The Measure of a Man: A Spiritual Autobiography
- 2007 edition cover
- Author: Sidney Poitier
- Language: English
- Subject: Autobiography
- Publisher: HarperSanFrancisco
- Publication date: 2000
- Publication place: United States
- Media type: Print (hardcover)
- ISBN: 0-06-135791-X
- OCLC: 82145181

= The Measure of a Man: A Spiritual Autobiography =

2007 autobiographical work by Sidney Poitier

The Measure of a Man: A Spiritual Autobiography is an autobiographical work by Sidney Poitier, first published in 2000. On January 26, 2007, Oprah Winfrey chose it for her book club.

==Summary==
In this memoir, Poitier, looks back on his celebrated life and career.

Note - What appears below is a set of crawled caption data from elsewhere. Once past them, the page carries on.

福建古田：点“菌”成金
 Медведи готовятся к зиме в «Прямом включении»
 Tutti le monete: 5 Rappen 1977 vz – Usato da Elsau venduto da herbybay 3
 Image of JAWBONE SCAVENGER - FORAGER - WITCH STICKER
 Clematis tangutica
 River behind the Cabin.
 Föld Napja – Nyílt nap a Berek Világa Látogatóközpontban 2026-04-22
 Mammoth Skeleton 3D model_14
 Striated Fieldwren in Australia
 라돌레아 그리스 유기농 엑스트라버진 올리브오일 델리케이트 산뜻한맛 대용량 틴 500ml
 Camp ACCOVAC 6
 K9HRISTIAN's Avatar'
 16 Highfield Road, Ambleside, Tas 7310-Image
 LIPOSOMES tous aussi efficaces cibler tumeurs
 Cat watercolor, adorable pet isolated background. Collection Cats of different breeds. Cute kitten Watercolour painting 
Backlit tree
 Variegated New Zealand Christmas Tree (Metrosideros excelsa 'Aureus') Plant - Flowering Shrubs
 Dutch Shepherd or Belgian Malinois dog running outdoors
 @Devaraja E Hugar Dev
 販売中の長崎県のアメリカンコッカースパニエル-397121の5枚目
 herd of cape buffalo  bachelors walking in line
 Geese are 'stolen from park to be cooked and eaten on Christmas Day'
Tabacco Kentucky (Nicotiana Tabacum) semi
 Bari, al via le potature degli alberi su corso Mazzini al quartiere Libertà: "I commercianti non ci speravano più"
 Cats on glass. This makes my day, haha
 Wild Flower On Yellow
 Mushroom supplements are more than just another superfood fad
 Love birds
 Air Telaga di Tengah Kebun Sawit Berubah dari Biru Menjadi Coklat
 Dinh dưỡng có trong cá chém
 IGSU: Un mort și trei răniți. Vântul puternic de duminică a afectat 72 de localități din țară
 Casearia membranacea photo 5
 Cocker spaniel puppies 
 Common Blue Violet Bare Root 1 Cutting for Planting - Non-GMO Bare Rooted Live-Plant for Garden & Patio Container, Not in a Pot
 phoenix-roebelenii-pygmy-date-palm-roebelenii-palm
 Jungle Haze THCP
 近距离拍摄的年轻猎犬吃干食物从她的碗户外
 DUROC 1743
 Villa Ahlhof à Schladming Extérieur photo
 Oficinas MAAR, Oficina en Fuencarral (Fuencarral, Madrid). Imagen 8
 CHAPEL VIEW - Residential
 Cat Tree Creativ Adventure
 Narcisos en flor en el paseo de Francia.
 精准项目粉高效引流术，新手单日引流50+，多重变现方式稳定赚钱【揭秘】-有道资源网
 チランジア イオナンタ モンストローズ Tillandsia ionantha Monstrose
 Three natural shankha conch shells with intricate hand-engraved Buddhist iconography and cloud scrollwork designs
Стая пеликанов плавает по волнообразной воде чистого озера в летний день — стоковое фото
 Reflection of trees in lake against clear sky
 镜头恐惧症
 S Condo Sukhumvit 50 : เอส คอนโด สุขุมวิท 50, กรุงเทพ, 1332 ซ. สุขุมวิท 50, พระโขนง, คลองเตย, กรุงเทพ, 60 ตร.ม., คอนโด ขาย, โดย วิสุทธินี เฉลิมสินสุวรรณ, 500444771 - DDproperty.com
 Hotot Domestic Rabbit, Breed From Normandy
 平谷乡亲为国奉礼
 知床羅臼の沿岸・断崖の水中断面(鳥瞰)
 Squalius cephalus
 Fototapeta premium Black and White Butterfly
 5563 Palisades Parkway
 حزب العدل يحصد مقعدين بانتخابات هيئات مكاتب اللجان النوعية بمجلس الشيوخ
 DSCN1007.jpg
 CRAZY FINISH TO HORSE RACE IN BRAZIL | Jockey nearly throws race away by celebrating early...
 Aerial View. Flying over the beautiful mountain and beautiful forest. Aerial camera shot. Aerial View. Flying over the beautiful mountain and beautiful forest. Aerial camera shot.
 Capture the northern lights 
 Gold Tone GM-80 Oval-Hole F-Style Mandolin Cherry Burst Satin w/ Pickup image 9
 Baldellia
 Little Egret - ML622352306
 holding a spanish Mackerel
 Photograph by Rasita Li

He explores elements of character and personal values to take his own measure as a man, as a husband and a father, and as an actor.

Poitier credits his parents and his childhood on tiny Cat Island in the Bahamas for equipping him with the unflinching sense of right and wrong and of self-worth that he has never surrendered and that have dramatically shaped his world. "In the kind of place where I grew up," recalls Poitier, "what's coming at you is the sound of the sea and the smell of the wind and momma's voice and the voice of your dad and the craziness of your brothers and sisters...and that's it." Without television, radio, and material distractions to obscure what matters most, he could enjoy the simple things, endure the long commitments, and find true meaning in his life.

Uncompromising as he pursued a personal and public life, Poitier aimed to honor his upbringing and the invaluable legacy of his parents. Just a few years after his introduction to indoor plumbing and the automobile, Poitier broke racial barrier after racial barrier to launch a pioneering acting career. Committed to the notion that what one does for a living shows who one is, Poitier chose to play forceful and affecting characters who said something positive, useful, and lasting about the human condition. "The true measure of a man is in how he provided for his children" this was one lesson Sidney learnt from his father and held dear to his heart all his life.

The translation in Chinese (ISBN 9570484969) of this autobiography was done by Fongfong Olivia Wei, and published by Triumph Publishing Company in Taipei, Taiwan, in the year 2002.

==Quotes==

"I have no wish to play the pontificating fool, pretending that I've suddenly come up with the answers to all life's questions. Quite that contrary, I began this book as an exploration, an exercise in self-questing. In other words, I wanted to find out, as I looked back at a long and complicated life, with many twists and turns, how well I've done at measuring up to the values I myself have set."